Vier Stücke von Mark McClain, Tara Yipp, Lode Devos und Alejandro Cerrudo eröffneten die Ballettsaison am Landestheater Coburg: Mitreißende "Short Stories".

Witzig, zauberhaft, herausfordernd. Stell Dir vor, es ist große Tanzpremiere in Coburg mit dem üppigen Angebot von vier verschiedenen Choreografen, und keiner geht hin. Es war am Sonntag erschütternd, zu erleben, mit welcher Intensität auf hohem tänzerischen Niveau eindringliches Bilder- und Musiktheater gelebt wurde - vor erschreckend leeren Reihen im Landestheater Coburg. Die vom Rechnungshof erzwungenen Eintrittspreise? Darüber fiel das eine und das andere Wort im Parkett. Oder der von vielen als unschön empfundene frühe Sonntagabend als Premierentermin? Jedenfalls hat die Coburger Compagnie, auch diesmal wieder solistisch herausragend und mit ergreifenden Darstellungen, das nicht verdient.

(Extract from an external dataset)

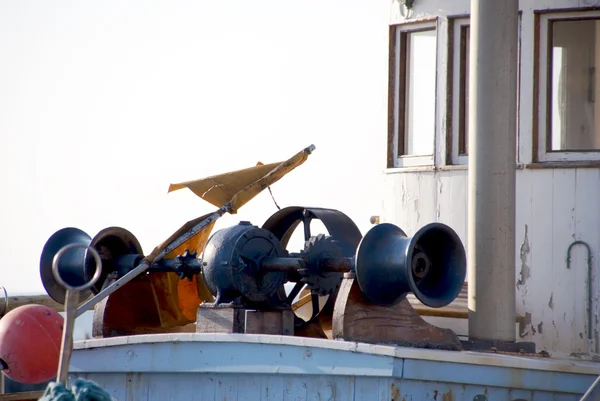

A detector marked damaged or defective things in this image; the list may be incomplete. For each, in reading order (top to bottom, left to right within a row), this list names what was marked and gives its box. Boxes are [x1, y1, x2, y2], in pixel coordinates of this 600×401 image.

rusty metal [564, 239, 592, 340]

Genauso wenig wie dieser perspektivenreiche Tanzabend als solcher.
Da ist "Situs", die Uraufführung des niederländischen Choreografen Lode Devos als erklärt gesellschaftspolitische Aussage.
Menschen sind in ihrer reichen Welt so verfangen, dass sie wie mit Küche, Kleiderschrank, Geldhaufen verwachsen erscheinen. Sie reagieren auf nichts mehr.
Devos zeigt parallel zum Tanz im Hintergrund einen Film, von der Grandiosität dieser Erde zu ihrem heutigen Missbrauch. Mit der eindringlichen Musik Arvo Pärts überschreitet die Konzeption stellenweise die Grenze zur Überfrachtung, samt nicht mehr ganz verständlichem Solo am Schluss. Sie ist aber insgesamt ein spannendes Stück aktuellen Theaters.


Die puren Körper

Die Coburger Ballettmeisterin Tara Yipp mit ihrer ins Seeleninnere forschenden Choreografie "Lost Souls Found" zu arabisch anmutender heutiger Musik berührt einmal mehr durch die so selbstverständlich wie intensiv wirkende und fließende Gestik der puren Körper im Lichtkegel. Chih-Lin Chan und Takashi Yamamoto waren bei der Premiere das eindringlich suchende Paar.
Der Coburger Ballettchef Mark McClain wartet mit einer zauberhaften Uraufführung weitestgehend im klassischen Stil auf: A Different Season. Zu Stings die Jahrhunderte überspringenden Interpretationen der Lieder von John Dowland zeigt er eine lächelnde Gesellschaft in den duftigen Kostümen von Bühnenbildnerin Susanne Wilczek, in die es dem "Suchenden" nicht gelingt einzudringen. Der wird von dem bemerkenswerten Sylvain Guillot getanzt. Immer wieder wie aus dem Lot gezogen wirken die klassischen Figuren, in denen die Sprache McClains verankert bleibt. Doch es ist diese zarte Nuance, die neben die Pose führt, mit der er und vor allem Guillot neue Aussagekraft gewinnen.
Na und dann diese drei schönen, (fast) nackten Männer. Wer wird sich denn die entgehen lassen? Die hinreißende Miniatur "Pacopepepluto" des in Chicago wirkenden Alejandro Cerrudo, in Coburg einstudiert durch seinen Mitarbeiter John MacMillen, führt schmunzelnd, liebevoll entlarvend in von allen stützenden Statushilfen entblößte männliche Sehnsüchte und Seelenzustände. Wozu Dean Martin so herrlich schmalzt in Memories, Chapel in the Moonlight und gar Amore. Takashi Yamamoto, Federico Frigo und Sylvain Guillot bei der Premiere - in weiteren Vorstellungen gibt es wie in den anderen Stücken auch Alternativbesetzungen - bieten in ihrem minimalst bekleideten Zustand wirklich köstliche Theatermomente.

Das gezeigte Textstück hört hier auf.